2.2 Zur Diagnose von »Persönlichkeitsstörungen«

Eine »Persönlichkeitsstörung« wird diagnostiziert, wenn dysfunktionale Fühl-Denk-Verhaltensschemata die berufliche und private Leistungsfähigkeit der Betroffenen erheblich beeinträchtigen und wenn dies zu subjektiven Beschwernissen führt.
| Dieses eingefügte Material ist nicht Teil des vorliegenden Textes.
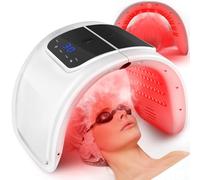 YHRK Maschera per terapia a luce rossa, luce a LED, 7 colori, per fototerapia della pelle, fototerapia con funzione spray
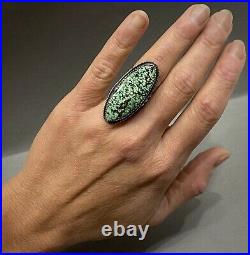 HUGE Vintage Navajo Sterling Silver Green Spiderweb Matrix Turquoise Ring WOW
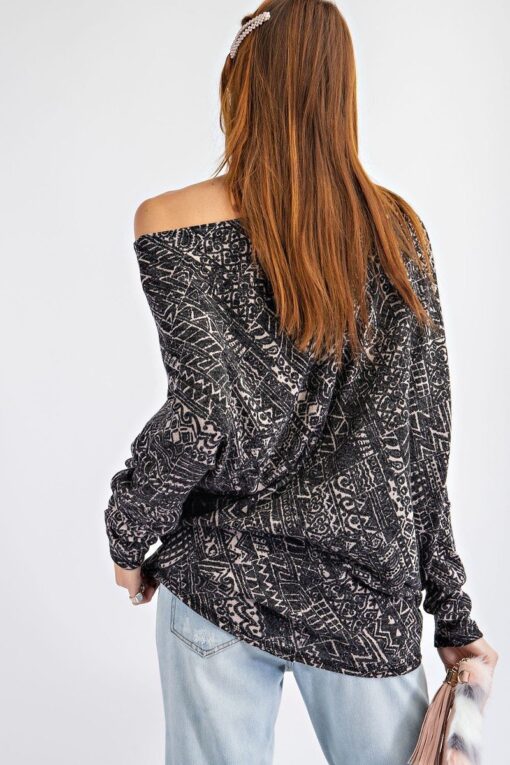 Tribal Black Shed Knit Top - Boho Chic Style - Image 3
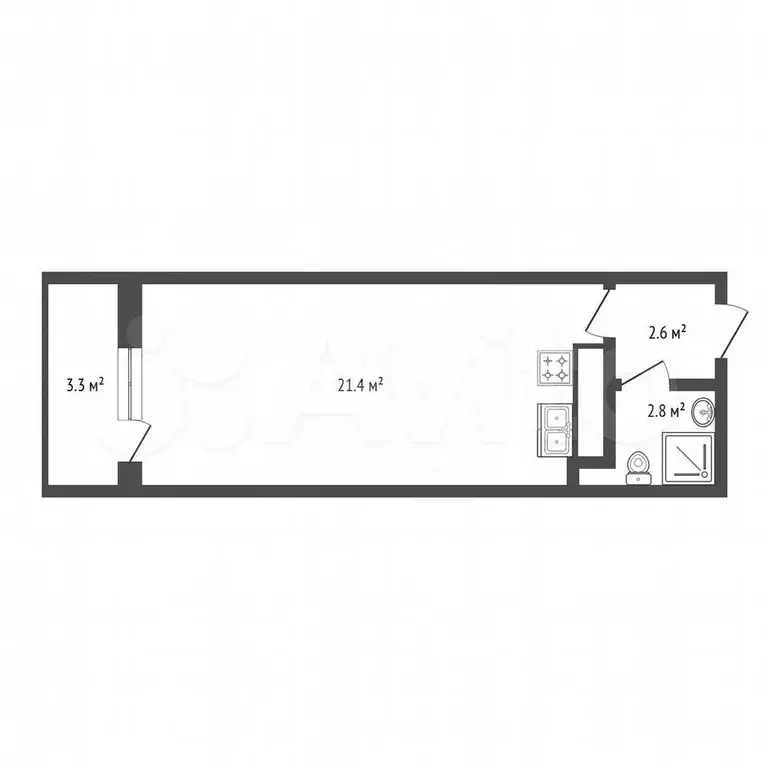 Квартира-студия, 26,9 м, 16/25 эт. - Фото 0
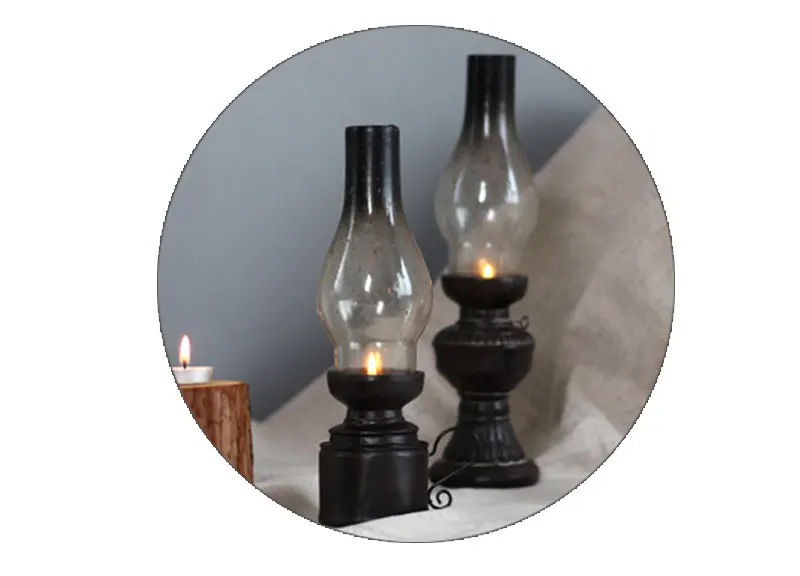 Retro Vintage Kerosene Lamp Candlestick Resin Crafts Ornaments Creative Household Living Room Tabletop Candle Holder Decorations 4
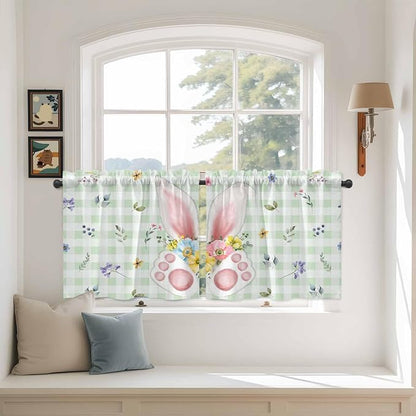 Easter Kitchen Tier Curtains 36 Inch Long 2 Panel Set, Rod Pocket Half Window by Unknown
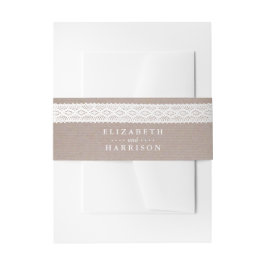 クラフト素朴&ヴィンテージホワイトレース結婚ズ 招待状ベリーバンド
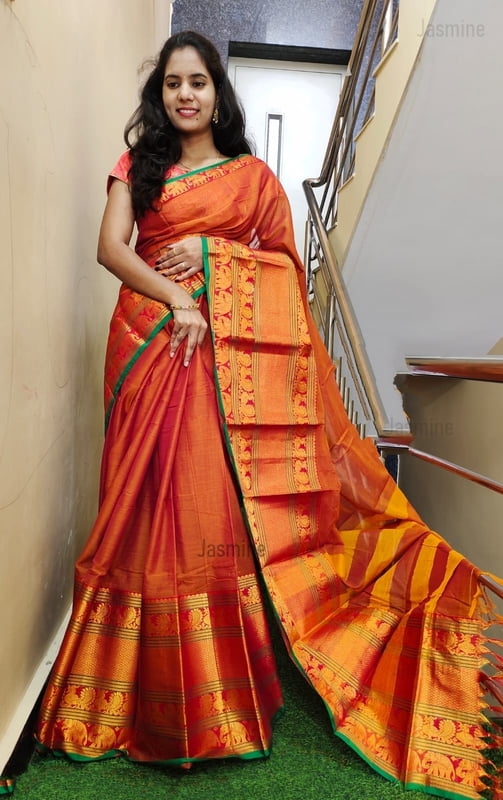 Hiranya - हिरण्य ( Big Border - Orange )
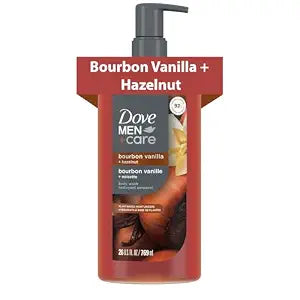 DOVE MEN Moisturizing Body Wash for Men, Bourbon Vanilla + Hazelnut, 26oz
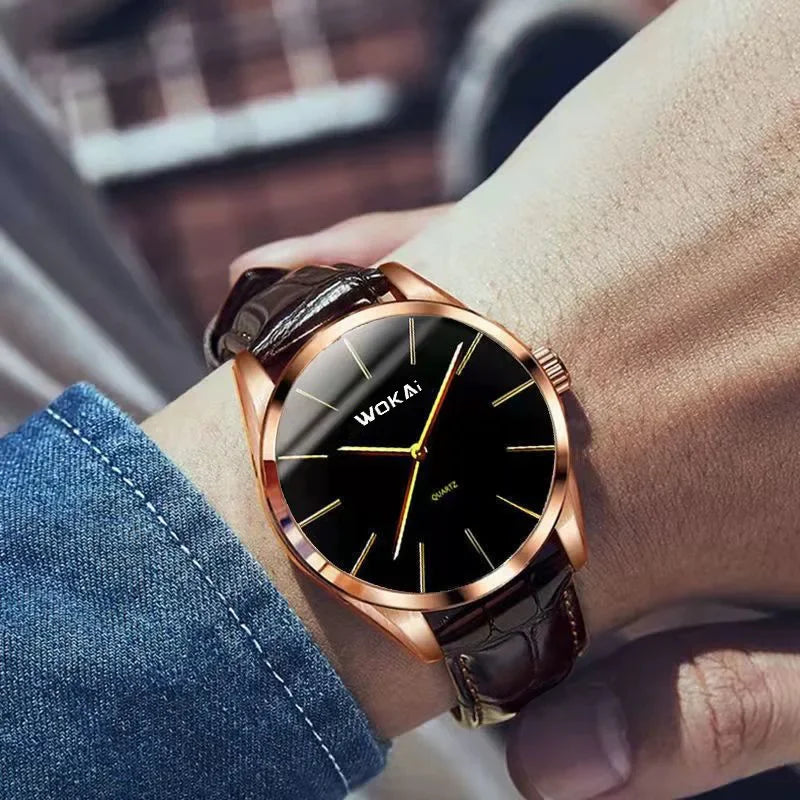 2025 Fashion Business Watch Men Watches Reloj Hombre Casual Leather Band Quartz Wristwatches Men Relogio Masculino Montre Homme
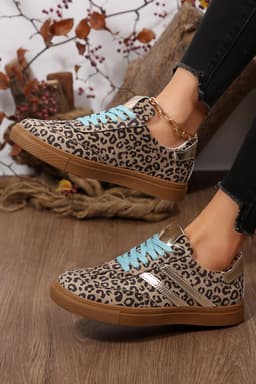 image-Leopard Print Faux Suede Lace Up Sneakers - Coffee Brown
Voraussetzung für die Diagnose einer »Persönlichkeitsstörung« ist also die Abweichung von den Erwartungen des soziokulturellen Umfeldes, die zeitlich überdauert, in vielen Kontexten bemerkbar ist und zu einer Beeinträchtigung in wichtigen Funktionsbereichen führt.

Die oben angeführten Prämissen der Definition von »Persönlichkeitsstörungen« lassen sich aus systemischer Sicht natürlich trefflich dekonstruieren. Hans Lieb hat dies ausführlich getan:

»Diagnosesysteme, die vermittels der Beschreibung einzelner Persönlichkeitstypen […] auf das Merkmal ›gestört‹ schließen – und das tun alle diesbezüglichen Diagnoseschemata – begehen logisch einen Kategorienfehler« (Lieb 2009).

Denn wenn man Störungen als Eigenschaften definiert, müsste es reichen, diese als »narzisstisch« oder »histrionisch« zu benennen, man dürfte sie aber nicht – z. B. im Sinne von »gestört« – von anderen Arten von Persönlichkeitsbeschreibungen, wie »fleißig«, »phlegmatisch« oder »hochbegabt«, unterscheiden.

»Niemand aber würde eine fleißige Persönlichkeit als ›gestört‹ bezeichnen« (Lieb 2009).